The 2 payment structures proposed by the OCF model include a monthly population payment based on a prospective lump-sum payment, and a performance-based payment, which measures the total cost of care for 6-month episodes of care. These payment structures will provide further incentives for the adoption of therapies that can demonstrate high value in addition to better outcomes.11

The primary objective of our analysis was to characterize the mean total cost of care for commercially insured and Medicare-covered patients with metastatic pancreatic cancer who received FDA-approved, NCCN category 1–recommended regimens (first-line gemcitabine plus nab-paclitaxel, first-line FOLFIRINOX, first-line gemcitabine monotherapy, or second-line 5-FU plus leucovorin and liposomal irinotecan). A secondary objective was to compare the treatment patterns and components of the total cost of care across the treatment regimens and patient cohorts.

Methods

We used administrative claims to evaluate payers’ costs for commercially insured patients and for those with Medicare fee-for-service coverage. We used International Classification of Diseases, Ninth/Tenth Revision diagnosis codes (Appendix A) in claims data in the 2014-2018 MarketScan commercial database and the CMS 2014-2017 Medicare 100% research identifiable data files.

MarketScan is an annual database comprised of geographically diverse, private-sector health data from approximately 100 payers, and includes more than 28 million commercially insured lives. The data include person-specific clinical healthcare utilization, expenditures, and enrollment across inpatient, outpatient, and prescription drug services from a selection of large employers, health plans, and governmental and public organizations.

The Medicare 100% research identifiable data files contain paid fee-for-service claims generated for all Medicare beneficiaries in the United States for Parts A, B, and D services. Information in the Medicare 100% research identifiable data files include diagnosis codes, procedure codes, site of service, and patient information, including age, eligibility status, and health maintenance organization enrollment. Appendix B lists the study exclusions for Medicare and MarketScan data.

All study patients had at least 2 claims more than 30 days apart with a pancreatic cancer diagnosis and at least 1 claim with a secondary malignancy (ie, metastatic) diagnosis on or after the first pancreatic cancer diagnosis date. We defined the index date as the earliest metastatic pancreatic cancer diagnosis date and excluded patients with preindex malignancies that are not pancreatic cancer.

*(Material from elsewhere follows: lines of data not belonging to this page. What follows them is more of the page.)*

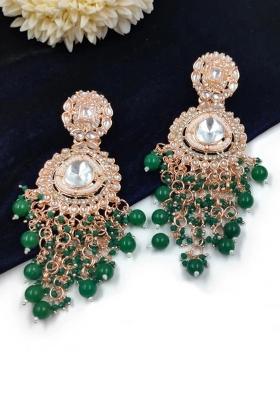 Green Alloy Statement Earring Set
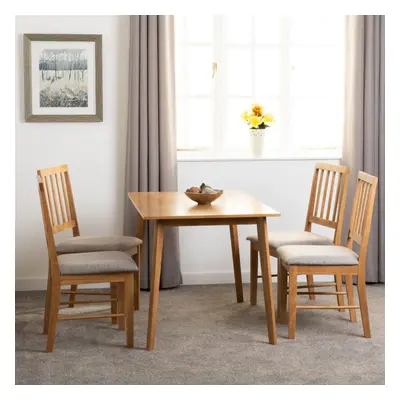 Austin Dining Set Table and Chairs in Oak Effect and Grey Fabric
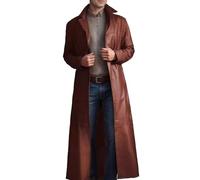OULIWANGLUO Ledermantel Herren Lang Leder Trenchcoat Slim Fit Revers Lederjacke Einfarbig Long Leather Jacket Windbreaker (Dark Braun,M)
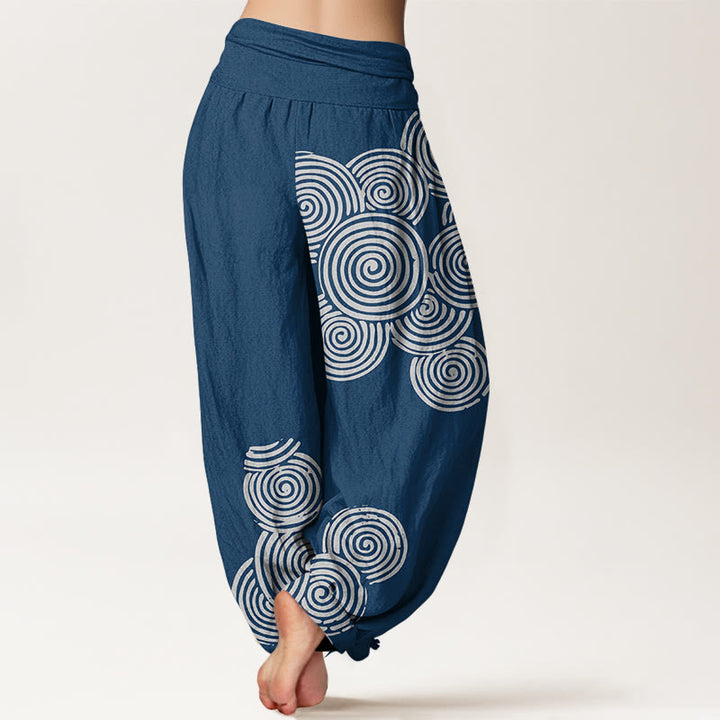 Pantaloni harem da donna in puro cotone con elastico in vita e motivo a spirale bianco stampato Buddha Stones - image 2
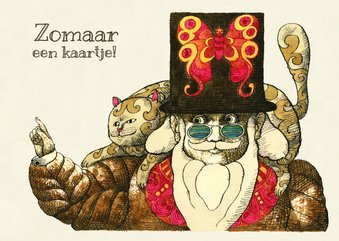 Vrolijke kaart van een man met een poes op z'n nek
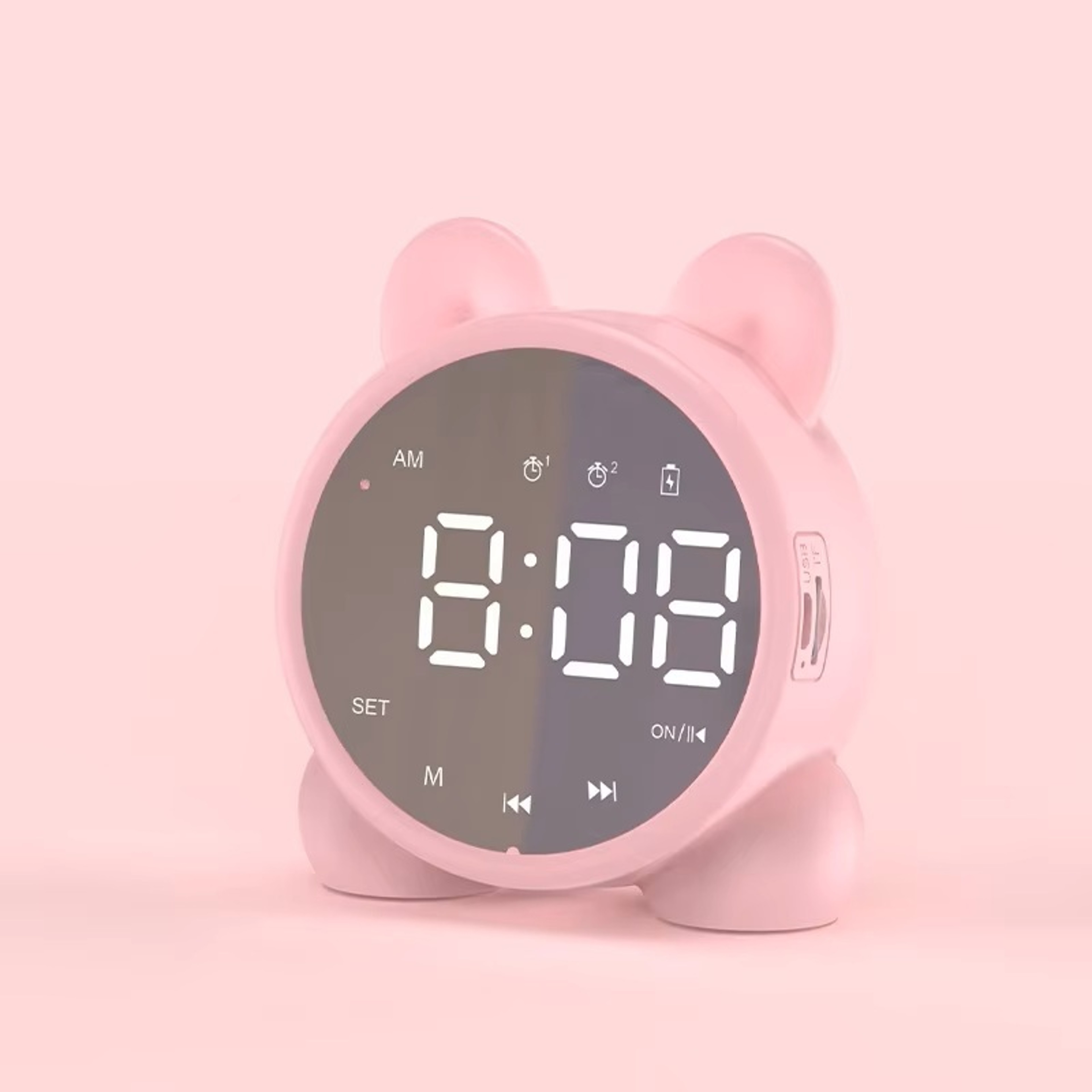 Cute Cat Bluetooth Alarm Clock with Mirror LED Display for Kids Bedroom & Bedside – view 8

We excluded commercially insured patients who were not enrolled within the 3-month preindex or 1-month postindex period, and Medicare beneficiaries without enrollment in the 6-month preindex or 3-month (or until death, if earlier) postindex period. Because of variation in the monthly MarketScan enrollment, we have reduced the preindex period from 6 months to 3 months to preserve credible sample sizes for the commercially insured population.

The end date of a therapeutic regimen was defined as the day before a new chemotherapy began, 28 days after the last chemotherapy (if no new chemotherapy was recorded), or at death for the Medicare cohort (no reliable information was available for the commercial population). Appendix C lists the chemotherapies and other related drugs included in this study.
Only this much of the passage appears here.